Extracted records >>
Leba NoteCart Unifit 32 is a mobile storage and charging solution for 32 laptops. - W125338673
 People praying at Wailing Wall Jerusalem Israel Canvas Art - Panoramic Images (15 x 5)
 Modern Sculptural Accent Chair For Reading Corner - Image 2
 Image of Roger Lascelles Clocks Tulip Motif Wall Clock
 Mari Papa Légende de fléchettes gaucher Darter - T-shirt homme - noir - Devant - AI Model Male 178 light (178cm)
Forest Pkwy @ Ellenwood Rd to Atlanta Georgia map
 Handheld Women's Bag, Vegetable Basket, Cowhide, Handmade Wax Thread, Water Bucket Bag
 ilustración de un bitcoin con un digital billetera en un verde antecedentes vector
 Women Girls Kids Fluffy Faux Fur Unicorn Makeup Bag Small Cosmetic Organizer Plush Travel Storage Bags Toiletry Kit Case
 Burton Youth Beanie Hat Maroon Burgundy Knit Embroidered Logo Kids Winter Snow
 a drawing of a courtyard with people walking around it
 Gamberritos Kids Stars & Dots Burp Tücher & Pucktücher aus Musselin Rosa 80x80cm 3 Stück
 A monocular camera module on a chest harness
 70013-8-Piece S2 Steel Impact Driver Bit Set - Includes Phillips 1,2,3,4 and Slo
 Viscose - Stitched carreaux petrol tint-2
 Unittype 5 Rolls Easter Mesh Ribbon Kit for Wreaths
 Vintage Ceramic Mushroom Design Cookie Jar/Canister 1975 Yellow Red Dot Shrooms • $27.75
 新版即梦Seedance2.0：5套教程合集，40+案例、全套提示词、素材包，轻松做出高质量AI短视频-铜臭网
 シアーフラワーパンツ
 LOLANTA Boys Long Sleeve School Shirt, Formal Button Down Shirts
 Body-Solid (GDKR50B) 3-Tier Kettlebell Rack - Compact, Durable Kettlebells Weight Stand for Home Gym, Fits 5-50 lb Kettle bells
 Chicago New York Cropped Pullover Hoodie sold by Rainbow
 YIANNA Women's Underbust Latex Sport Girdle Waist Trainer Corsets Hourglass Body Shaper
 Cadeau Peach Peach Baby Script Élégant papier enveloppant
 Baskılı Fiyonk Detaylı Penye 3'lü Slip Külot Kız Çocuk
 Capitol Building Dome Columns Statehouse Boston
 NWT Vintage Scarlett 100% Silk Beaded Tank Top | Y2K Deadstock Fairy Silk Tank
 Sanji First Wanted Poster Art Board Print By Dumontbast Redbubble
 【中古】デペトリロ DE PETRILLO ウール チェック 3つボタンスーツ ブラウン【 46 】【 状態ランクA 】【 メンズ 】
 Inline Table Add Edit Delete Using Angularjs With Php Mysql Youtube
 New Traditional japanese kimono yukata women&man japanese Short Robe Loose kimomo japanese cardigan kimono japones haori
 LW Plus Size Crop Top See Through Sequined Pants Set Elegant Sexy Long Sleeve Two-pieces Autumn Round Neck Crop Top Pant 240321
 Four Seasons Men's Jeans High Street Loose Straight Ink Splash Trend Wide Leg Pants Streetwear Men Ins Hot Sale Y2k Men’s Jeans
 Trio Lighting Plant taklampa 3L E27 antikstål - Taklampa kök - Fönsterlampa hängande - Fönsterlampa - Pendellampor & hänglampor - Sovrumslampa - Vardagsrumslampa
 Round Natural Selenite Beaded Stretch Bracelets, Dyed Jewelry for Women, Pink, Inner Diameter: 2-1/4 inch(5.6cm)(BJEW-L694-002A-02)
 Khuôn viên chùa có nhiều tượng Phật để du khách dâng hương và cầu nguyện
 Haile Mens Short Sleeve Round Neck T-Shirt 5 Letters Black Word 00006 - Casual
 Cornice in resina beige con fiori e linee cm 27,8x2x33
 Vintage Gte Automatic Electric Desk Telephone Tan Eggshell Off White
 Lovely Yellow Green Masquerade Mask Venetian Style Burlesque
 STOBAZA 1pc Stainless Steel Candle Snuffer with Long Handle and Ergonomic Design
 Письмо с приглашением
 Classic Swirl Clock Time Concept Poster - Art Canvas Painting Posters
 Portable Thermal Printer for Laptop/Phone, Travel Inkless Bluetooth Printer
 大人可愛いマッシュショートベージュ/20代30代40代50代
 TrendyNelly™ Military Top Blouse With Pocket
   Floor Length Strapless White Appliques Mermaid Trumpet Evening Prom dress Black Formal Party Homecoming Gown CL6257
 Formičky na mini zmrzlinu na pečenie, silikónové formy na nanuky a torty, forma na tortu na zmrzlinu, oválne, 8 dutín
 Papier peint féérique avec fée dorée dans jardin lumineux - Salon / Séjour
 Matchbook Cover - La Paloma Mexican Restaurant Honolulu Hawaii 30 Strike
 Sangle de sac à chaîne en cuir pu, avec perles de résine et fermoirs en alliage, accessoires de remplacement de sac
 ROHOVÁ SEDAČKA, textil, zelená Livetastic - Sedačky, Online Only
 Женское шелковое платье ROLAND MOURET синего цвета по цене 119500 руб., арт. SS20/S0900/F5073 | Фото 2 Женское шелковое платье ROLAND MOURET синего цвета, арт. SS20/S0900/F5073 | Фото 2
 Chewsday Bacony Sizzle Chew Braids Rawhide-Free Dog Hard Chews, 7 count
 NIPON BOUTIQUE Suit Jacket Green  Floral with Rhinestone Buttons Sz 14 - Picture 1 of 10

Task to carry out >>
Scan the records above for the lines holding "Gamberritos Kids Stars" and "Trio Lighting Plant". Transcribe those two and every line between them word for word, and no others.

Output for this task >>
 Gamberritos Kids Stars & Dots Burp Tücher & Pucktücher aus Musselin Rosa 80x80cm 3 Stück
 A monocular camera module on a chest harness
 70013-8-Piece S2 Steel Impact Driver Bit Set - Includes Phillips 1,2,3,4 and Slo
 Viscose - Stitched carreaux petrol tint-2
 Unittype 5 Rolls Easter Mesh Ribbon Kit for Wreaths
 Vintage Ceramic Mushroom Design Cookie Jar/Canister 1975 Yellow Red Dot Shrooms • $27.75
 新版即梦Seedance2.0：5套教程合集，40+案例、全套提示词、素材包，轻松做出高质量AI短视频-铜臭网
 シアーフラワーパンツ
 LOLANTA Boys Long Sleeve School Shirt, Formal Button Down Shirts
 Body-Solid (GDKR50B) 3-Tier Kettlebell Rack - Compact, Durable Kettlebells Weight Stand for Home Gym, Fits 5-50 lb Kettle bells
 Chicago New York Cropped Pullover Hoodie sold by Rainbow
 YIANNA Women's Underbust Latex Sport Girdle Waist Trainer Corsets Hourglass Body Shaper
 Cadeau Peach Peach Baby Script Élégant papier enveloppant
 Baskılı Fiyonk Detaylı Penye 3'lü Slip Külot Kız Çocuk
 Capitol Building Dome Columns Statehouse Boston
 NWT Vintage Scarlett 100% Silk Beaded Tank Top | Y2K Deadstock Fairy Silk Tank
 Sanji First Wanted Poster Art Board Print By Dumontbast Redbubble
 【中古】デペトリロ DE PETRILLO ウール チェック 3つボタンスーツ ブラウン【 46 】【 状態ランクA 】【 メンズ 】
 Inline Table Add Edit Delete Using Angularjs With Php Mysql Youtube
 New Traditional japanese kimono yukata women&man japanese Short Robe Loose kimomo japanese cardigan kimono japones haori
 LW Plus Size Crop Top See Through Sequined Pants Set Elegant Sexy Long Sleeve Two-pieces Autumn Round Neck Crop Top Pant 240321
 Four Seasons Men's Jeans High Street Loose Straight Ink Splash Trend Wide Leg Pants Streetwear Men Ins Hot Sale Y2k Men’s Jeans
 Trio Lighting Plant taklampa 3L E27 antikstål - Taklampa kök - Fönsterlampa hängande - Fönsterlampa - Pendellampor & hänglampor - Sovrumslampa - Vardagsrumslampa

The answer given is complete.